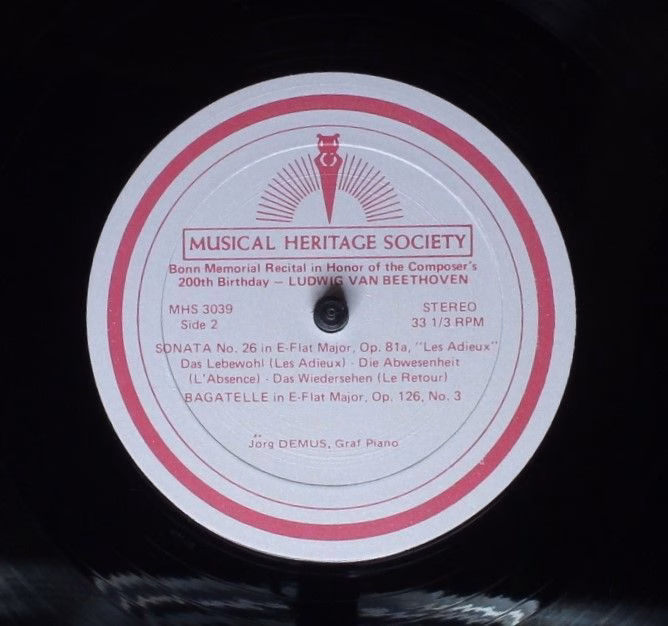 Musical Heritage Society 3038/39 - Ludwig van Beethoven, Jörg De - Image 8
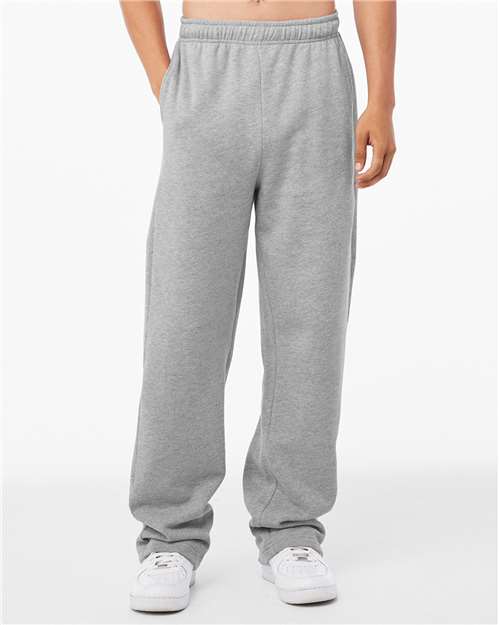 BELLA + CANVAS Unisex Sponge Fleece Straight Leg Sweatpants - Model Front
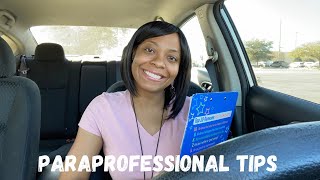 Tips for Paraprofessionals amp Education Students [upl. by Ehrlich352]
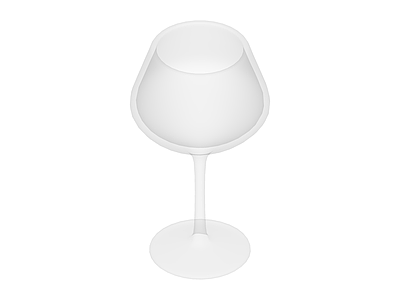 白色高脚酒杯模型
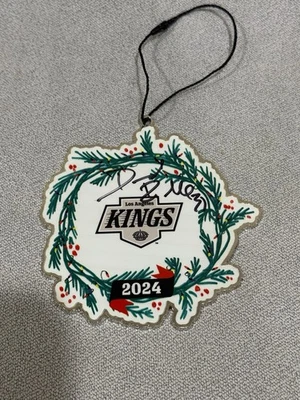 2024 Los Angeles Kings David Rittich Signed Holiday Ornament Christmas 4x4 Metal - Image 1 of 2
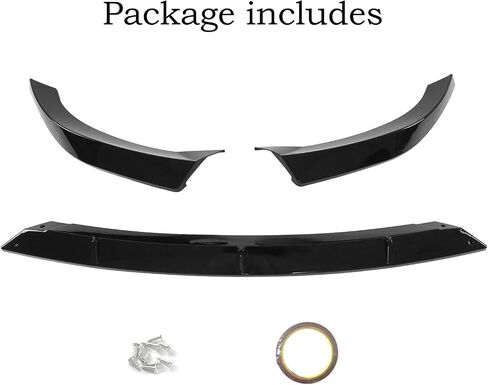 3 Pieces Front Lip for Jeep Grand Cherokee WL 2022-2025 Front Bumper Splitter Spoiler ABS Plastic (Glossy Black) in Saudi Arabia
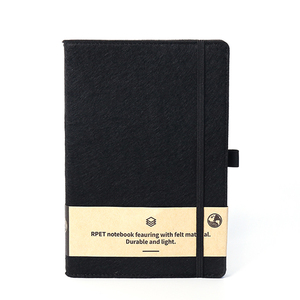 Chất lượng cao tùy chỉnh <span class=keywords><strong>A5</strong></span> có thể tháo rời Bìa sinh thái thân thiện cảm thấy vải linen máy tính xách tay quy hoạch và Tạp Chí cho các trường học - Product Image 2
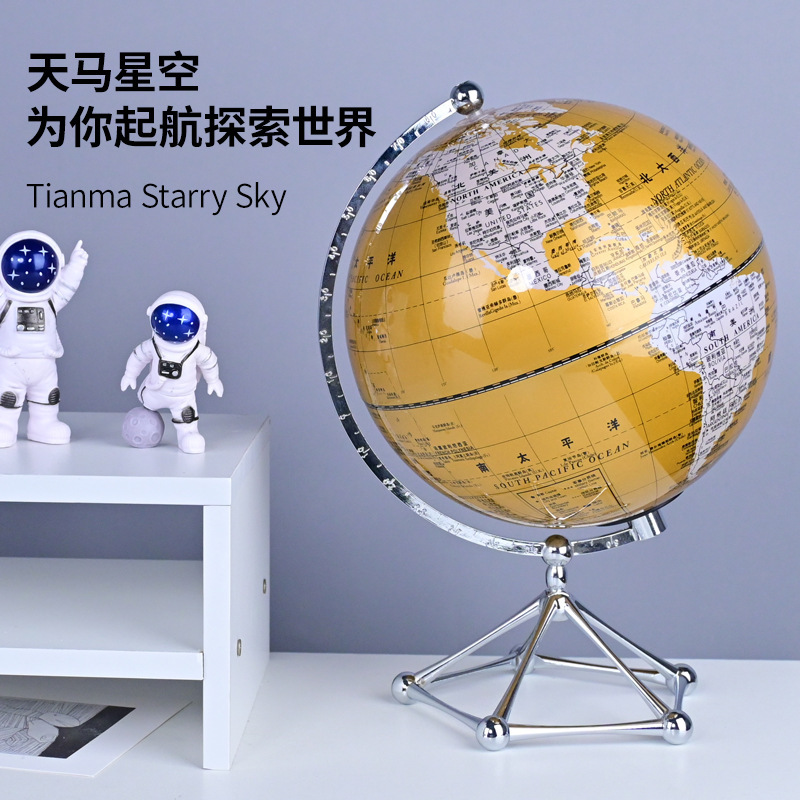 Creative Globe cabinet with a light and expensive desktop decoration for the living room television office.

════════════════

Everything above from the line containing "Tips for Paraprofessionals" through the line containing "3 Pieces Front" must be repeated exactly, and the pictures must be left out.

 Tips for Paraprofessionals amp Education Students [upl. by Ehrlich352]
 白色高脚酒杯模型
 2024 Los Angeles Kings David Rittich Signed Holiday Ornament Christmas 4x4 Metal - Image 1 of 2
 3 Pieces Front Lip for Jeep Grand Cherokee WL 2022-2025 Front Bumper Splitter Spoiler ABS Plastic (Glossy Black) in Saudi Arabia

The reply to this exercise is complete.